Scenery abounds on the South Loop hike in the Spring Mountains where sixteen club members climbed the 2000 feet in elevation for a view at the third overlook. From the beginning to the end, the South Loop offers views of Kyle Canyon (north and south), Mummy's Toe, and Mt. Charleston in all their grandeur.
We parked at the Cathedral Rock trailhead and followed the road up to the South Loop trailhead located within the Cathedral Rock Picnic Area which requires $8 fee to drive into. Workers were hard at work around the beginning of the trail but after we got to the Rainbow Loop trail junctions, we had the trail to ourselves. We tackled the following switchbacks with gusto staying within contact of each other from the leader to the sweep.
It was a challenging climb so it was necessary to allow the hikers to go their own speed as long as we regrouped at appointed places during the ascent. As we slowly passed the drainage to our left, we enjoyed the purple flowers adorning the springs and heard waterfalls when we stopped to listen. Higher up in this drainage, snow tenaciously clung to the ground.
At the first overlook, we stopped for a short break while the hikers regrouped. Here, we could see the mouth of Kyle Canyon and Mummy's Toe across the way. We were high on a cliff.
After the first overlook, another set of switchbacks soon began. These switchbacks were decorated with gray limestone and ponderosas with a few bristlecones thrown in for good measure as we neared our destination. The photo below shows one view from the second overlook. One by one, each hiker stepped out on this overlook before turning to climb the final switchback. One more "out and back" brought us to the third overlook.

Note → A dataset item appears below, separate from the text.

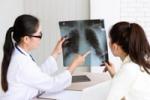 Low Radiation CT Lung Screening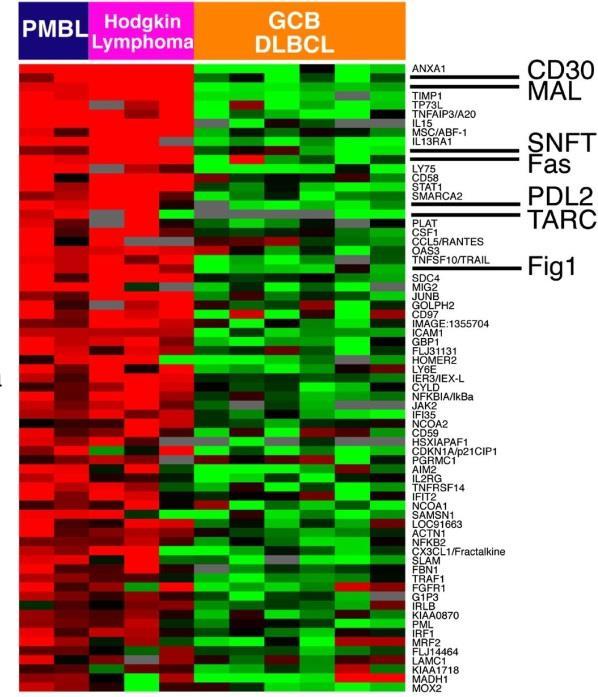 Primair mediastinaal B-cel lymfoom (PMBCL) en IP-DLBCL Gen expressie NGS-shallow sequencing CNA patroon Amplificatie en overexpression van PDL1 en PDL2 Overexpressie van REL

The scenery did not only include distant beauty. Bees were busy on the rough angelica along the trail on the first set of switchbacks. Rabbitbrush is beginning to bloom. Also, the blue lupine and Indian paintbrush are still abundant. However, the lavender thistles have gone past their prime.
Another interesting aside on the South Loop Trail is the "fish fossil" rock. It is located in the first set of switchbacks at one of the hairpin turns to the left when you are going up. The low flat rock is found on the inside of the turn and the best way to see the fossils is to pour a little water over the rock surface. These fossils are very unusual as they show a tube-like creature which lived on the sea bed at one time in the very distant past.
When we reached the third overlook, we discussed different trails and routes that club members had done in Kyle Canyon. Our view was even better than Google Earth! We could see the ridge above us which leads to Mt. Charleston Peak. Through the trees, we could make out Griffith Peak. Below us, the source of Kyle Canyon opened wide to show us every detail.
Finally, we had to descend. Again, there were a variety of paces but after 4.25 hours, all the hikers had made it up and back over the total of seven miles.